Source material =>
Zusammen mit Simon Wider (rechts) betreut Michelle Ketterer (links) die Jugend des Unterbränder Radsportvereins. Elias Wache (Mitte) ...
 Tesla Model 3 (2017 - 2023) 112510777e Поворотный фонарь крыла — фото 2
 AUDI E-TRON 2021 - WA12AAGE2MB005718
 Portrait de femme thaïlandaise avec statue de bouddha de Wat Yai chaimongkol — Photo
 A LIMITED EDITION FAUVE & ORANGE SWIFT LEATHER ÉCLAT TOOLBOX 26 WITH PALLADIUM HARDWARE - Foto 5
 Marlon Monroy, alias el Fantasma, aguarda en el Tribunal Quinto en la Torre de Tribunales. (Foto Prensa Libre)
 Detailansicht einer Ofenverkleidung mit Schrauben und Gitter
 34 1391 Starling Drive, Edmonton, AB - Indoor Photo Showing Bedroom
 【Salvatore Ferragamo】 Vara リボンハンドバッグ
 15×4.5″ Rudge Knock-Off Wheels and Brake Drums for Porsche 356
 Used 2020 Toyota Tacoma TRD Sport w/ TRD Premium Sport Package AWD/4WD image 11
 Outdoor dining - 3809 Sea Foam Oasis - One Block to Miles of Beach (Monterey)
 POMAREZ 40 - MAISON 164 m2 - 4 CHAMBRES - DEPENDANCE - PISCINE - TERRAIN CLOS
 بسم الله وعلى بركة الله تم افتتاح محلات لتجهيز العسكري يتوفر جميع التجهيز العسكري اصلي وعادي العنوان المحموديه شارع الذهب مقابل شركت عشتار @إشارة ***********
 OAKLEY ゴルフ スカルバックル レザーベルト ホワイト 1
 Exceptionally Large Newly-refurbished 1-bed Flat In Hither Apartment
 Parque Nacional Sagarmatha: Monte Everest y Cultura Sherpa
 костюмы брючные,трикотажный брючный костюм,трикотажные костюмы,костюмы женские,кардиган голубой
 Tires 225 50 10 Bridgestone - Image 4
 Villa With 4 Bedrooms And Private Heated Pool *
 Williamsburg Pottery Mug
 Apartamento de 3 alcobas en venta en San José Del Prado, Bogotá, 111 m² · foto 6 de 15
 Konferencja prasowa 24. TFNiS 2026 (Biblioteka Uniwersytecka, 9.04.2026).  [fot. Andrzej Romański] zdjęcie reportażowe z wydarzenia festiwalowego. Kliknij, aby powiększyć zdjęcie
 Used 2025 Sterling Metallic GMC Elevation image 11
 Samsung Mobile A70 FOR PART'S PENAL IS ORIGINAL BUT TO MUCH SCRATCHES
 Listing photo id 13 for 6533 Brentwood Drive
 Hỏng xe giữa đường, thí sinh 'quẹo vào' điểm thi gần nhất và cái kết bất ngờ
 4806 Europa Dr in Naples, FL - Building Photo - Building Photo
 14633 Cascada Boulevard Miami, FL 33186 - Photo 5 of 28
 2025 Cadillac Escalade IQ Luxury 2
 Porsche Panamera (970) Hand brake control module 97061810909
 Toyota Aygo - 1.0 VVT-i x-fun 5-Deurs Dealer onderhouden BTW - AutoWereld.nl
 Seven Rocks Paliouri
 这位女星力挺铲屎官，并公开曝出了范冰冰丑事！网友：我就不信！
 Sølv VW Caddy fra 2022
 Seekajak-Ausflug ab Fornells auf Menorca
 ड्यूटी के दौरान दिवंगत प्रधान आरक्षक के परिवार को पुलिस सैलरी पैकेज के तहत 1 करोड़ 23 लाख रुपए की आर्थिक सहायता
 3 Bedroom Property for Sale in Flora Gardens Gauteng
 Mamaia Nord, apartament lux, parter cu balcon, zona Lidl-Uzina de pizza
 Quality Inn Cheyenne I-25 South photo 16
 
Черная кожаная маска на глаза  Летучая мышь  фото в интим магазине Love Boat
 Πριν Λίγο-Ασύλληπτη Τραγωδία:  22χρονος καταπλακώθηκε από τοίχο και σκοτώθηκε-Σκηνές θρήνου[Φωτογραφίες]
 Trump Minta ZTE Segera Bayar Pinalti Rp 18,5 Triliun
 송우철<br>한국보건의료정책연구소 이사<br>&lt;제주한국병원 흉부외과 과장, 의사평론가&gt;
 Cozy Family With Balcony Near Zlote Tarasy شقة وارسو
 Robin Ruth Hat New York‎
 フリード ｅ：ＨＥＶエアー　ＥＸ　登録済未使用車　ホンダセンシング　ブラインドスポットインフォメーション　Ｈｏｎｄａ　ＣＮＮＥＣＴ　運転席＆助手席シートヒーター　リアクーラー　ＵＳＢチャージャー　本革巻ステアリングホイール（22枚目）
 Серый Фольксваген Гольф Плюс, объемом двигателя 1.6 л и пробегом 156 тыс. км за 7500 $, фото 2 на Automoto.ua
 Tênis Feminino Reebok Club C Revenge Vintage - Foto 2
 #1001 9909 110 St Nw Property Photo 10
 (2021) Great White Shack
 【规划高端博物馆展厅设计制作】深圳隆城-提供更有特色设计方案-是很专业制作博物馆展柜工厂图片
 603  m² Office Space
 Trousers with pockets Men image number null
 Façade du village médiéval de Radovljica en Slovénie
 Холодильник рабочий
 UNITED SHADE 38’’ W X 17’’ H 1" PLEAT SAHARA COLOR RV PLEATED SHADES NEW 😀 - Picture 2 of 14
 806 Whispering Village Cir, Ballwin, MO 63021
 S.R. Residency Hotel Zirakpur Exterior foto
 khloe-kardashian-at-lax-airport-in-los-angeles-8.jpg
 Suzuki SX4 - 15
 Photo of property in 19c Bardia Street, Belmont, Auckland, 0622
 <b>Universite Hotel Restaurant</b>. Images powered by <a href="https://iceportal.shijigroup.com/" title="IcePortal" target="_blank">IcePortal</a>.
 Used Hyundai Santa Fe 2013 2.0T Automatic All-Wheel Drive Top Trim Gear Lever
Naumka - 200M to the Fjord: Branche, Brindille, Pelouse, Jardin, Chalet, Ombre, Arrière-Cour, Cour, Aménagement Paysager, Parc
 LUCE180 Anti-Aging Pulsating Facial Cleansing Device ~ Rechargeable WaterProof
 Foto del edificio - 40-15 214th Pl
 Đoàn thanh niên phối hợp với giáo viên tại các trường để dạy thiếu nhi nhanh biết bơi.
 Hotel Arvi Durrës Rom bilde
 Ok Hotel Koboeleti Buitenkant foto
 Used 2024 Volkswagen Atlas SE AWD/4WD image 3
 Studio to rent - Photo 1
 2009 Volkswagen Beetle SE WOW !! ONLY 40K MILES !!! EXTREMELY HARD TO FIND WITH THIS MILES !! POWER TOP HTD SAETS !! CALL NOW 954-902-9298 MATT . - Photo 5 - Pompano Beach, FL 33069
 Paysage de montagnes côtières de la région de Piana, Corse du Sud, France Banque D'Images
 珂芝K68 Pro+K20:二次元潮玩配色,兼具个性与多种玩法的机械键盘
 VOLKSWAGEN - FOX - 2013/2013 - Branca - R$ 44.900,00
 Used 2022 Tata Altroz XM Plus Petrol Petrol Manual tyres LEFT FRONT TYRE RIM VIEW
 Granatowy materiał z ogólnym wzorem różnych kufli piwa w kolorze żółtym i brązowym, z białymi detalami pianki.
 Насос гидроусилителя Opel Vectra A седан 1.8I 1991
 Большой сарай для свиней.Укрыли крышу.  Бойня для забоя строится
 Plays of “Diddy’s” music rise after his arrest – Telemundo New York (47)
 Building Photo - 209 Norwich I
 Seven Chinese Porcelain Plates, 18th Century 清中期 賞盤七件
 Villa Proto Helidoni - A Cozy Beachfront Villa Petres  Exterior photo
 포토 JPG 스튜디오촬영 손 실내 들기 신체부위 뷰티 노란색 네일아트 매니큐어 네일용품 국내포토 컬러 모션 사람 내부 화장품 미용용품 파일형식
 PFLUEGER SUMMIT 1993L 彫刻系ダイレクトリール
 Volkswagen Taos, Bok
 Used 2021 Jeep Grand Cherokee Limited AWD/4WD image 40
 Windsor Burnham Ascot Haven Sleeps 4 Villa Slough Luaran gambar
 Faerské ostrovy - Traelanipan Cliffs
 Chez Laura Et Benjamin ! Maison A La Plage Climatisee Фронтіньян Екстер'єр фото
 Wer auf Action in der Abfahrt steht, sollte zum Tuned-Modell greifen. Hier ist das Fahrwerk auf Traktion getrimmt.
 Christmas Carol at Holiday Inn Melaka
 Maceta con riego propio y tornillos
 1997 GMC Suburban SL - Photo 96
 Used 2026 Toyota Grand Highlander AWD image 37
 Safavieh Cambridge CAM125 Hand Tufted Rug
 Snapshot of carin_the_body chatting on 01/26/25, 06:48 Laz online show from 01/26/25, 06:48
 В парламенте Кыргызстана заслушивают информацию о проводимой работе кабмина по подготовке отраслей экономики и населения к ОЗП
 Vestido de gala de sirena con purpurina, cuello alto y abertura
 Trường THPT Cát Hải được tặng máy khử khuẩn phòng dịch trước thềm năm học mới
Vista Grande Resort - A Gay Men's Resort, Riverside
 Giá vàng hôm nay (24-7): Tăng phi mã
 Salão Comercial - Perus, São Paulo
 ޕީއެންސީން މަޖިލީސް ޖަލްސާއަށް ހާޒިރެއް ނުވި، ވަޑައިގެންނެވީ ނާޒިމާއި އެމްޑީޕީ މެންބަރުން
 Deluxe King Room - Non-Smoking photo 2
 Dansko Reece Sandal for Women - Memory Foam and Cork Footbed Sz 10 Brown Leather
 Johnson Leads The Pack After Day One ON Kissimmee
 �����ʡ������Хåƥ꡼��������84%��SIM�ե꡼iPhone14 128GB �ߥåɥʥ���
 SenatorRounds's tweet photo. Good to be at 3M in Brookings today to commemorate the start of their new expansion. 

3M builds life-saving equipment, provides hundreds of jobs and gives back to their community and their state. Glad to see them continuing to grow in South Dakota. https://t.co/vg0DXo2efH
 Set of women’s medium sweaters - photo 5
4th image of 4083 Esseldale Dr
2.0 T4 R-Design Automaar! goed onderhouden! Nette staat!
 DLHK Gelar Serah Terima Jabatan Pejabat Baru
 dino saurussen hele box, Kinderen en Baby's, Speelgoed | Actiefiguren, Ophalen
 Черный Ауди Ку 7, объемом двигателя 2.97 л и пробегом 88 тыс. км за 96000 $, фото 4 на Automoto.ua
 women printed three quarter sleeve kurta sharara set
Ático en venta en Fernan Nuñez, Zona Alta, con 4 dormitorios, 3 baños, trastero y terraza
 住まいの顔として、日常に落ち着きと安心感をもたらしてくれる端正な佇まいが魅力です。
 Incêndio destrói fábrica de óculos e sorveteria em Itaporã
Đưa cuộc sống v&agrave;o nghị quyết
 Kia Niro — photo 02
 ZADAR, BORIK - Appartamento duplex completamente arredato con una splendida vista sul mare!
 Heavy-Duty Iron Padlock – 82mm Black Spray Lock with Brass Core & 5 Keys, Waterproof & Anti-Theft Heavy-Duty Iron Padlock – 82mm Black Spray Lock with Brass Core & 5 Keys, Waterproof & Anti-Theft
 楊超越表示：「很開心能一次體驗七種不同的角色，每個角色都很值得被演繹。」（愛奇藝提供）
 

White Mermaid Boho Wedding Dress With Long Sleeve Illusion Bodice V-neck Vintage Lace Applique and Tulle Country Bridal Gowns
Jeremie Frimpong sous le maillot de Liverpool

Activity =>
Write out each line above with the word "Vintage".

Solution for this task =>
 Tênis Feminino Reebok Club C Revenge Vintage - Foto 2
White Mermaid Boho Wedding Dress With Long Sleeve Illusion Bodice V-neck Vintage Lace Applique and Tulle Country Bridal Gowns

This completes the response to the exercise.